▶ **Your assignment**
The span to repeat in the listing below runs from the line containing "bedroom with a textured ceiling" to the line containing "Well-lit foyer featuring", inclusive. Repeat it exactly, and only it.

▶ **Data for processing**
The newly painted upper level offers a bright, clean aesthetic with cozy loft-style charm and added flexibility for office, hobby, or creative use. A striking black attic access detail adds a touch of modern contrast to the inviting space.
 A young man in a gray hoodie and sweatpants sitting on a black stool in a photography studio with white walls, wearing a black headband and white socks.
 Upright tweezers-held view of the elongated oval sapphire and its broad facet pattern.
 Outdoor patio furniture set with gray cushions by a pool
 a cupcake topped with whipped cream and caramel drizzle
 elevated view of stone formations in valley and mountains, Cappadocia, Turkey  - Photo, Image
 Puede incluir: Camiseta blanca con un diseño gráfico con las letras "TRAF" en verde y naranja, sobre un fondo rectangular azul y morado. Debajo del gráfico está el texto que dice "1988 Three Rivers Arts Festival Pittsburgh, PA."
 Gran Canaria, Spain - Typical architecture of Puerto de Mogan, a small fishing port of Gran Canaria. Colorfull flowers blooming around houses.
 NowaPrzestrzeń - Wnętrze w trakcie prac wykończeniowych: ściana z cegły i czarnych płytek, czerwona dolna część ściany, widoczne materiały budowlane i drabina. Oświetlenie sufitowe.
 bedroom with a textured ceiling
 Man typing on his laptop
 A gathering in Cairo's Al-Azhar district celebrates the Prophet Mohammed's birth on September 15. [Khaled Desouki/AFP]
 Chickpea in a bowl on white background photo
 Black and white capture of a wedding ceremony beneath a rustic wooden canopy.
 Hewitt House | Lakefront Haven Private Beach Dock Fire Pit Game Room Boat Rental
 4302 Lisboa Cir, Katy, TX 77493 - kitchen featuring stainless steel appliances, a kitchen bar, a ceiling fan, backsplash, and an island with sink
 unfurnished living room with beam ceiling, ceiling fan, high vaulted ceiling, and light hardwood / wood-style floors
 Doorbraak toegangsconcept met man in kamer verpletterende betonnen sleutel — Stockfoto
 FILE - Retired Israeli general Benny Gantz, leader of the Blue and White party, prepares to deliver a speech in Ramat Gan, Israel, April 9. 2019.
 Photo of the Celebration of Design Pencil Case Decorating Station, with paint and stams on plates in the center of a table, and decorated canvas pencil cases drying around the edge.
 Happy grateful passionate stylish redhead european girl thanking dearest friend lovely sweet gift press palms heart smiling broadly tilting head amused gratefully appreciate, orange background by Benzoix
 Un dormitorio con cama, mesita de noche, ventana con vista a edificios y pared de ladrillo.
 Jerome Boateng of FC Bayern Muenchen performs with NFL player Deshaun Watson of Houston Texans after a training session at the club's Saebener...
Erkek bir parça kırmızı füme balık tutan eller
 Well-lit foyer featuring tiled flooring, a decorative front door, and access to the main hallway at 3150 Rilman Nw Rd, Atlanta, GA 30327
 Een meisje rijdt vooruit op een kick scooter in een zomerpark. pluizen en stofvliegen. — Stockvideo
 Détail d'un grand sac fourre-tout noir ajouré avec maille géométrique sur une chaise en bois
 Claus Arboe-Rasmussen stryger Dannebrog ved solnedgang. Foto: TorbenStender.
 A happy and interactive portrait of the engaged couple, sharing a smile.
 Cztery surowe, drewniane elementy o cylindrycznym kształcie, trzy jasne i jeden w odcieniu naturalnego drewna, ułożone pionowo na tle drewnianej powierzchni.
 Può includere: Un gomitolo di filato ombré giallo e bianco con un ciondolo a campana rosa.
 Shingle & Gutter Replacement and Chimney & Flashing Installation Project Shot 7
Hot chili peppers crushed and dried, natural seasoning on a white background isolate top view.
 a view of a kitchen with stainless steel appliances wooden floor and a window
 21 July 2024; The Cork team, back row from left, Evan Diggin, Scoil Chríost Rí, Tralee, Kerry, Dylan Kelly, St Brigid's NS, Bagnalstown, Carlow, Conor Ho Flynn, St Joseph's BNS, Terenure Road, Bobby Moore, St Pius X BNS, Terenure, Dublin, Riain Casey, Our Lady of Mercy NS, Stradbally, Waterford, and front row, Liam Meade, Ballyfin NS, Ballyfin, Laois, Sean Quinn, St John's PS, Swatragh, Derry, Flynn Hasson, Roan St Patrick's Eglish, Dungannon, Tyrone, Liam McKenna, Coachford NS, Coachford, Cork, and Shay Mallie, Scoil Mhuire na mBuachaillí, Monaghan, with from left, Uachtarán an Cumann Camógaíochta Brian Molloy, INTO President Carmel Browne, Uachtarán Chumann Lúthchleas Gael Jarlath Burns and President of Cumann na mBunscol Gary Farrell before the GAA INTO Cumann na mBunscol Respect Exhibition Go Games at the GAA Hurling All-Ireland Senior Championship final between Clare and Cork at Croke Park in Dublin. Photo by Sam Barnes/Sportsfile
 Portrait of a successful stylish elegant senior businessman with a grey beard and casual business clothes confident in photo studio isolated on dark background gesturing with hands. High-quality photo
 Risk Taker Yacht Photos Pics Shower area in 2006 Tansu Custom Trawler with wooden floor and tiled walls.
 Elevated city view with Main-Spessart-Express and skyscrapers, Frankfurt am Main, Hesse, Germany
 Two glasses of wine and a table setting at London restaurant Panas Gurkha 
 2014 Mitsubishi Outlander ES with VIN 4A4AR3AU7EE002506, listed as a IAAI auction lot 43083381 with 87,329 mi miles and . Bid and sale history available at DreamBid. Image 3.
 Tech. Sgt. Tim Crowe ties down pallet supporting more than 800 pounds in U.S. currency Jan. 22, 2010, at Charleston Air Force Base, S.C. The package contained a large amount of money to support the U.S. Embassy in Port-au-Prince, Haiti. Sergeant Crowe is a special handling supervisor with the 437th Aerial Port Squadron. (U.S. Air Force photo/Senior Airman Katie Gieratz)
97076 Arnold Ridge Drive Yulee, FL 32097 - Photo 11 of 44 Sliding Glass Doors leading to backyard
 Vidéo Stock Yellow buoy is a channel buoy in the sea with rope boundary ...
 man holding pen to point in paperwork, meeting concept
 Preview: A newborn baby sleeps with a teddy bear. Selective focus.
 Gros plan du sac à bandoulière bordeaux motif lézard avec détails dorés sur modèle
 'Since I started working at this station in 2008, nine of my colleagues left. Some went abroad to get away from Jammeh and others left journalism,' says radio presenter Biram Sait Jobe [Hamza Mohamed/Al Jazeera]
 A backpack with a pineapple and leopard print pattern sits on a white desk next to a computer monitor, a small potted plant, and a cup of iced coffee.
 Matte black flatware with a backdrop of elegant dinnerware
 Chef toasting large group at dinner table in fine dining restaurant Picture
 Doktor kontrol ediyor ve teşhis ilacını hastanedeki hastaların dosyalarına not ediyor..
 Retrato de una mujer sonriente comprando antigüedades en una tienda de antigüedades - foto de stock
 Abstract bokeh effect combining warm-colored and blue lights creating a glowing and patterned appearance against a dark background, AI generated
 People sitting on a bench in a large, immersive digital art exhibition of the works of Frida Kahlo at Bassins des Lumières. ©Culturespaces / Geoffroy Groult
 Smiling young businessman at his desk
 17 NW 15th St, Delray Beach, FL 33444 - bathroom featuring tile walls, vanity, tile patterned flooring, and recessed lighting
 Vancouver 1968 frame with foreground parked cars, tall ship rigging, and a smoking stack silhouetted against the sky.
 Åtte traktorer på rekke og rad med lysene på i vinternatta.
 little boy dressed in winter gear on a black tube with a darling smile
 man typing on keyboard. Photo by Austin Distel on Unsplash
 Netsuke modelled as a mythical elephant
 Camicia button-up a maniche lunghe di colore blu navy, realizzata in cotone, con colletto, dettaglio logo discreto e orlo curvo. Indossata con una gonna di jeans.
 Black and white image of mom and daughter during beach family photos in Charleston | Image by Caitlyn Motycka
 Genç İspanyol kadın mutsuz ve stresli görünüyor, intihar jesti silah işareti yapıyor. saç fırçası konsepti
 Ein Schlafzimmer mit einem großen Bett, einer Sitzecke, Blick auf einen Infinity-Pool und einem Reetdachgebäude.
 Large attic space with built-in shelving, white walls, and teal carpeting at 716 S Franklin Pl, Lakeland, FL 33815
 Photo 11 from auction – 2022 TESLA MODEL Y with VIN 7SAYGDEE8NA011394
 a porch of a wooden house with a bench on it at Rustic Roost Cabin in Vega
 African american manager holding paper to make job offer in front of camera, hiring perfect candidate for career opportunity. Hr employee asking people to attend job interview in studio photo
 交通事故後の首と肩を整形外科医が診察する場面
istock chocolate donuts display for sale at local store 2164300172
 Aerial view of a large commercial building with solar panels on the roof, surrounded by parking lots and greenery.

▶ **The answer**
 bedroom with a textured ceiling
 Man typing on his laptop
 A gathering in Cairo's Al-Azhar district celebrates the Prophet Mohammed's birth on September 15. [Khaled Desouki/AFP]
 Chickpea in a bowl on white background photo
 Black and white capture of a wedding ceremony beneath a rustic wooden canopy.
 Hewitt House | Lakefront Haven Private Beach Dock Fire Pit Game Room Boat Rental
 4302 Lisboa Cir, Katy, TX 77493 - kitchen featuring stainless steel appliances, a kitchen bar, a ceiling fan, backsplash, and an island with sink
 unfurnished living room with beam ceiling, ceiling fan, high vaulted ceiling, and light hardwood / wood-style floors
 Doorbraak toegangsconcept met man in kamer verpletterende betonnen sleutel — Stockfoto
 FILE - Retired Israeli general Benny Gantz, leader of the Blue and White party, prepares to deliver a speech in Ramat Gan, Israel, April 9. 2019.
 Photo of the Celebration of Design Pencil Case Decorating Station, with paint and stams on plates in the center of a table, and decorated canvas pencil cases drying around the edge.
 Happy grateful passionate stylish redhead european girl thanking dearest friend lovely sweet gift press palms heart smiling broadly tilting head amused gratefully appreciate, orange background by Benzoix
 Un dormitorio con cama, mesita de noche, ventana con vista a edificios y pared de ladrillo.
 Jerome Boateng of FC Bayern Muenchen performs with NFL player Deshaun Watson of Houston Texans after a training session at the club's Saebener...
Erkek bir parça kırmızı füme balık tutan eller
 Well-lit foyer featuring tiled flooring, a decorative front door, and access to the main hallway at 3150 Rilman Nw Rd, Atlanta, GA 30327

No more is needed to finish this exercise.